The whistle-stop tour around fashion’s major cities, New York, London and Milan continues. Paris Fashion Week kicks off with nine days of digital and IRL presentations, from behemoth brands including Dior and Chanel as well as upcoming talent, from Thebe Magugu to Kenneth Ize. It also culminates with a show dedicated to the late, great Alber Elbaz, featuring pieces celebrating the legacy of the fashion designer, by brands including Loewe, Louis Vuitton, Valentino and Comme des Garçons. As the city hosts the first major ready-to-wear season in 18 months, we present all you need to know about the S/S 2022 womenswear shows as they happen.
AZ Factory Love Brings Love
Paris Fashion Week closed with a moving tribute to the late Alber Elbaz, who passed away in April 2021. The spectacular show saw 45 of the world's leading fashion houses create homages to the designer, who was famed for his exuberant, colour-inflected silhouettes that celebrated the female form. Among those honouring Elbaz were Valentino's Pierpaolo Piccioli, Alexander McQueen's Sarah Burton, Viktor & Rolf, Dior's Maria Grazia Chiuri, Simone Rocha, and Bruno Sialelli, the current creative director of Lanvin, where Elbaz was creative director from 2001 – 2015.

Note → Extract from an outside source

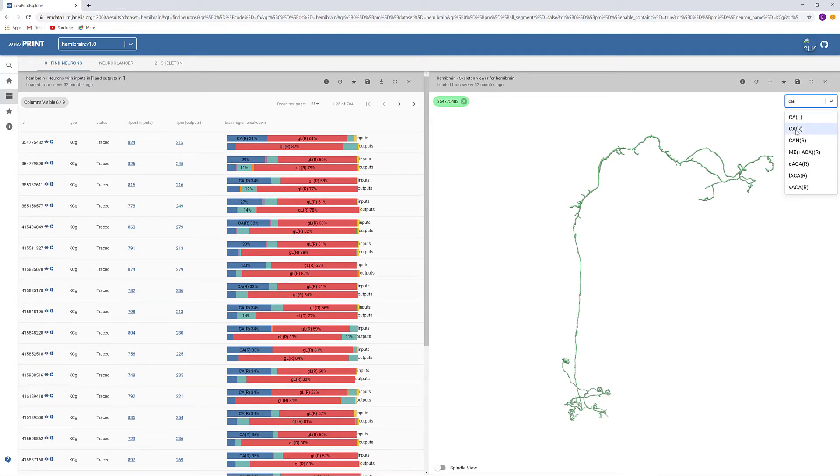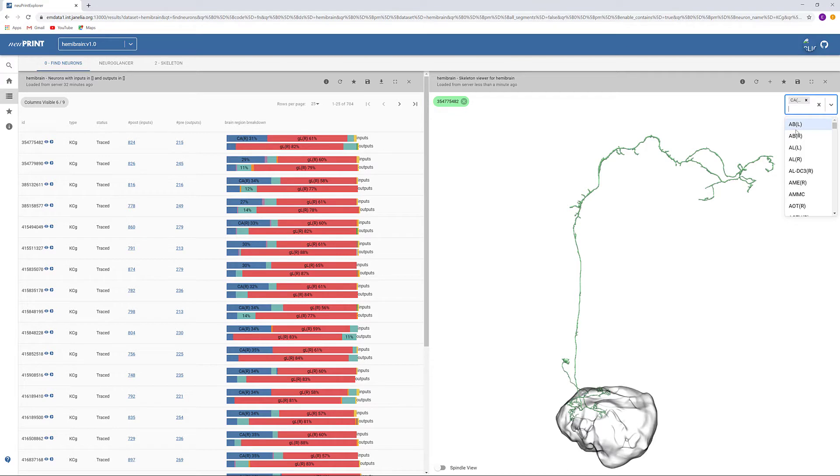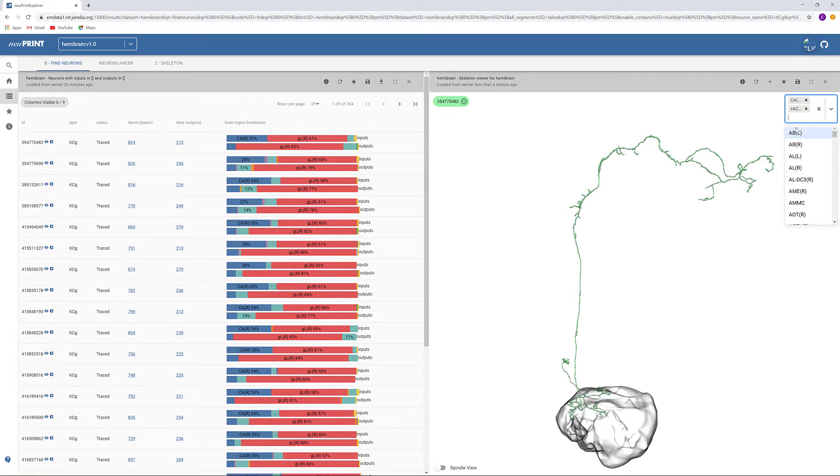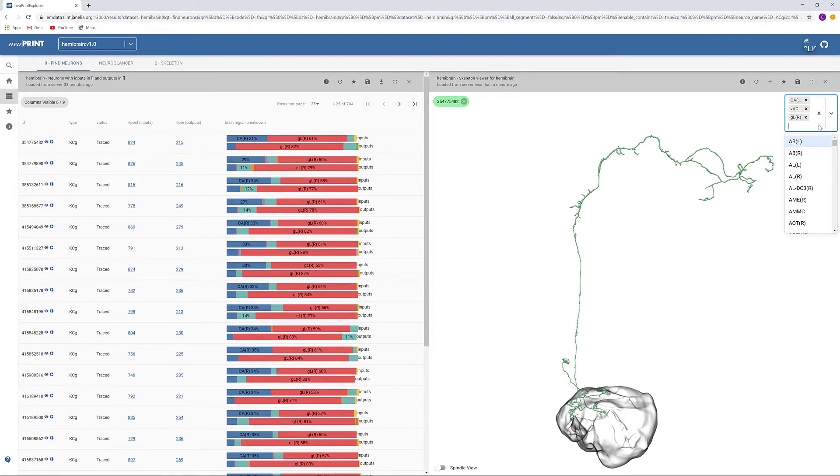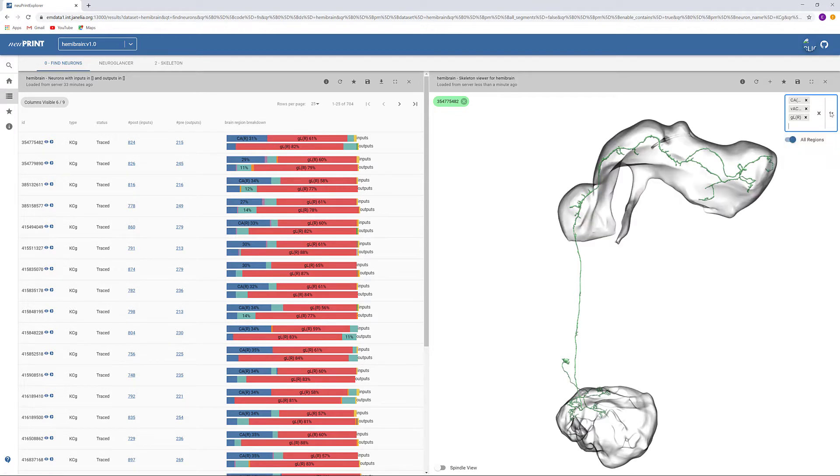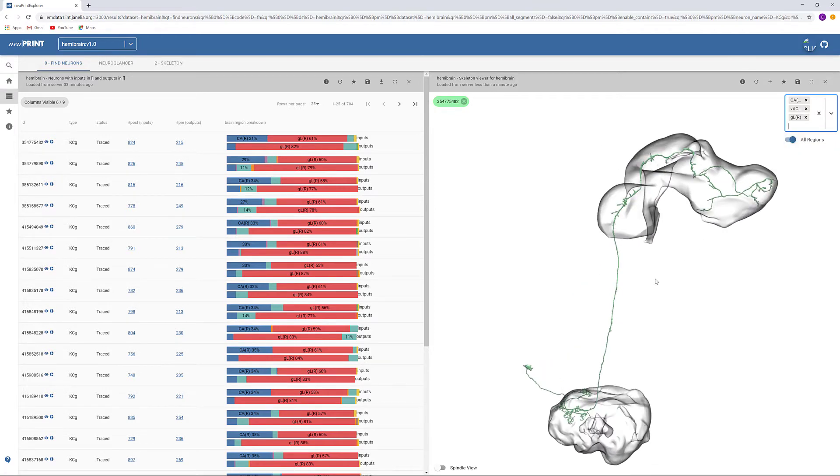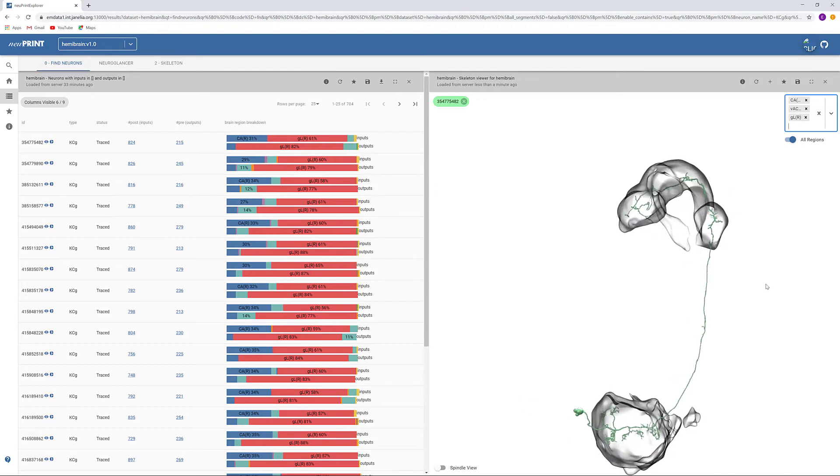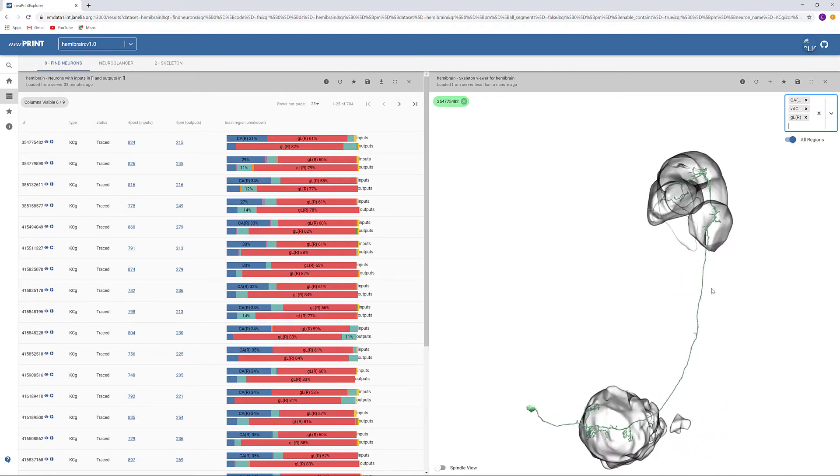We can check if this neuron is postsynaptic in the CA or VACA and presynaptic in the GL by pulling up those regions on our skeleton. And here we can see that this neuron is doing just that.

The show, inspired by Théâtre de la Mode, a 1945 Parisian exhibition that brought together over 60 French couturiers, closed with a series of looks created by Elbaz's AZ Factory design team, featuring asymmetric silhouettes, voluminous ruffles, taffeta, soft satin, floral prints and an opulent and celebratory sense of frivolity and flou. As the show ended, Amber Valetta was illuminated by a spotlight, standing alone on the runway, wearing a suit, overcoat and velvet bow tie, a moving tribute to Elbaz's preferred uniform, and his longevity as a much-loved, much-missed designer, friend and fashion force.
Time as we knew it, fast-paced, frenetic, whirring on a hamster wheel, ground to a halt last year. It's a concept that has long fascinated Nicolas Ghesquière, who approaches fashion like a century-spanning archaeologist, mining the past to create silhouettes that are always on point in their contemporaneity. For S/S 2022, Vuitton took guests to the ornate chandelier-lined Passage Richelieu in The Louvre, where models (plus an Extinction Rebellion protestor) walked down an ornate carpeted runway, ricocheting between the past and present, sporting pannier-proportion dresses embellished denim, frothing ruffle-collar capes, and chainmail dresses. Ornate sunglasses recalled spectral masked balls, satin tuxedo jackets and lace gowns hinted at parties past, and utilitarian khaki, leather and sporty footwear signalled the present. Huge chandeliers illuminated the wisps of the past that invoke Ghesquière's present, and allow him to forge, as ever, into the future.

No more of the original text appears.